Councillor Tim Brett, Liberal Democrat group leader, said: “How does this scheme help us reduce dog fouling? I’ve been a dog owner and I like dogs, but is spending money on this scheme really a high priority for us at this time?”

Councillor Dave Dempsey, Conservative group leader, agreed, saying irresponsible owners wouldn’t sign up.

He said: “This is going to cost £25,000 to set up and will be taking money out of the same budget which funds pot hole repairs. All we are going to get is a list of responsible dog owners. What’s the point of that?”

Dr Bob McLellan - head of the transportation and environmental service, which will run the scheme - said there were 5000 complaints about dogs each year, ranging from dogs being out of control, stray dogs, dog fouling and noise complaints associated with dogs barking.

The scheme will have its own website with the opportunity for the public to go online to make complaints about misbehaving dogs and irresponsible owners.

Dog owners will be encouraged to register their dogs free of charge through participating veterinary practices, which will offer reduced price microchipping for dogs, assisting with tracing strays.

Registered dog owners will also be supplied with promotional material identifying them with the scheme, such as hi-viz armbands, badges and dog collar tags.

Dr McLellan said: “It’s all about encouraging better dog ownership.”

Independent councillor Bryan Poole supported the introduction of the scheme, and hoped in time it could go even further, adding: “If we can evaluate the success of this scheme, it could be used to support efforts to introduce a compulsory scheme instead of a voluntary one.
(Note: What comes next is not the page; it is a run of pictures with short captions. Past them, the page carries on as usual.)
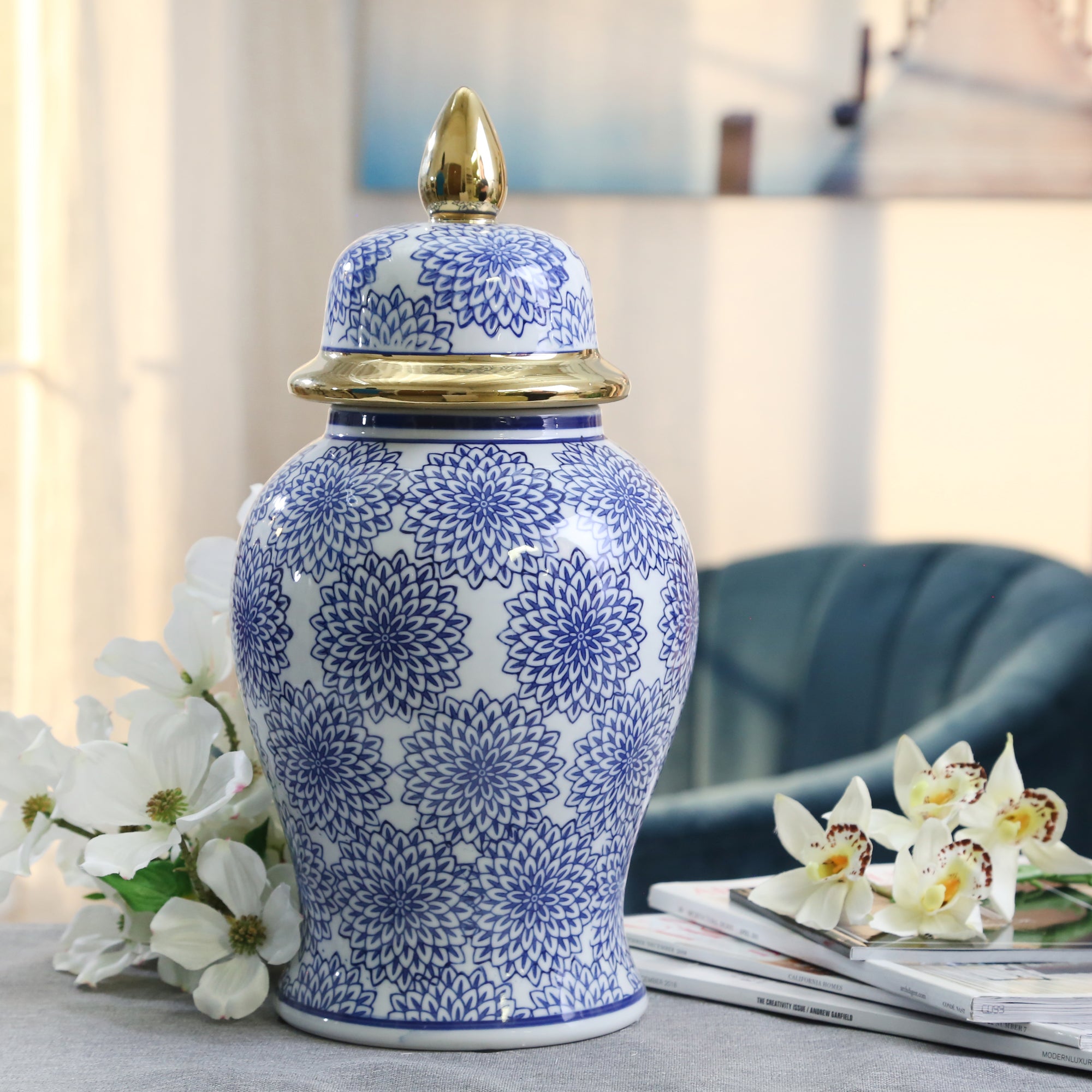 14.5" Temple Jar with Dahlia Flower, Blue & White, Jars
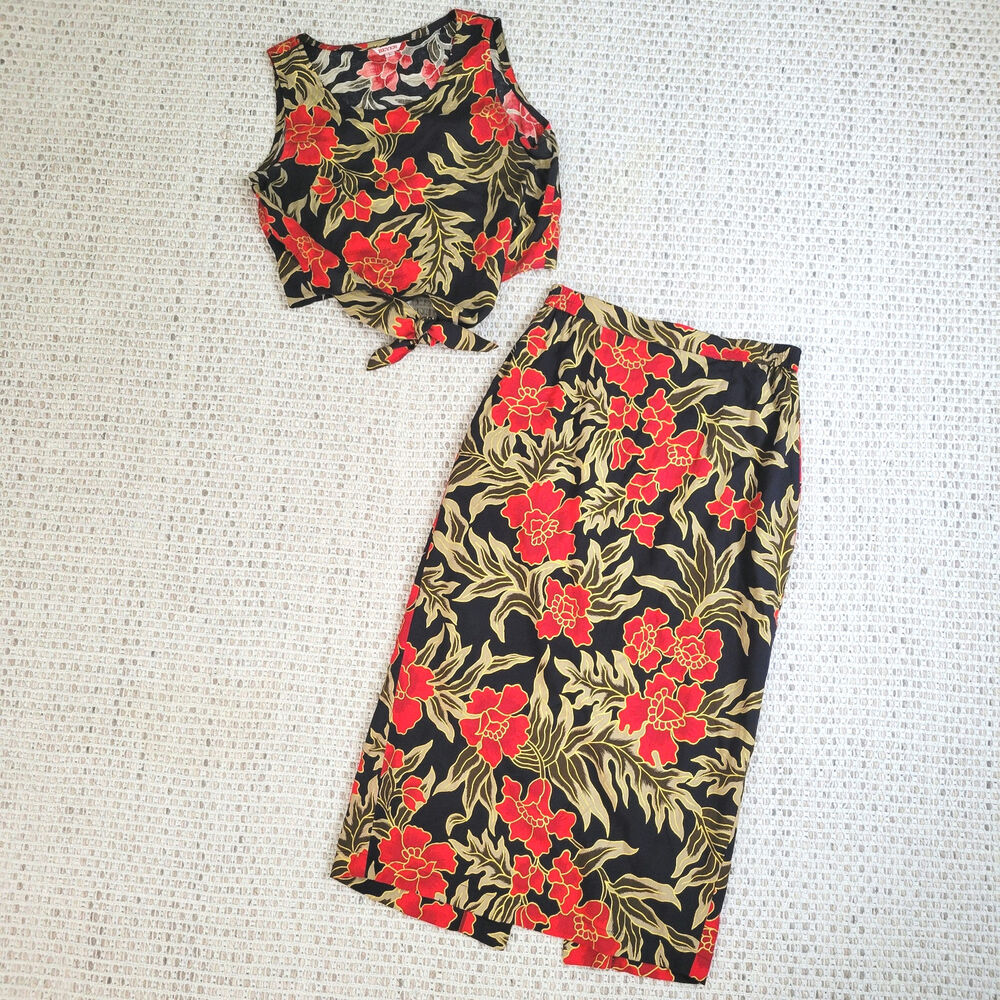 Vintage 2 Piece Set Midi Skirt and Tank Top Red and Black Floral Tropical Beachy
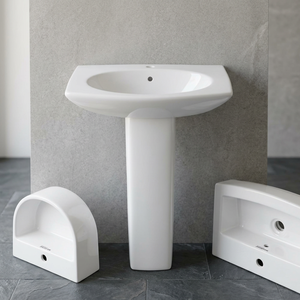 Vistaar Capri Lavabo sur pied ovale en céramique, équipement sanitaire pour salle de bain destiné aux projets de construction - Product Image 6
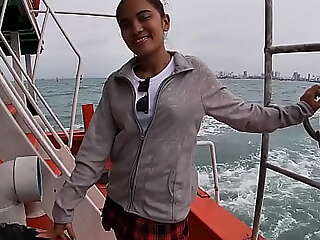 Public amateur blowjob by his Asian teen girlfriend after a boat whirl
I believe we should have compulsory dog registration.”

Councillor Peter Grant, SNP group leader, also believed it was worth giving the scheme a try.

“I’d like to see it as a pilot for two or three years,” he said. “What aspect of dog complaints is it going to deal with? Strays, yes, but I’m not convinced strays are responsible for dog fouling problems.

“It might work, it might not, but nothing else to date has solved the problem. It’s at least worth giving it a go.”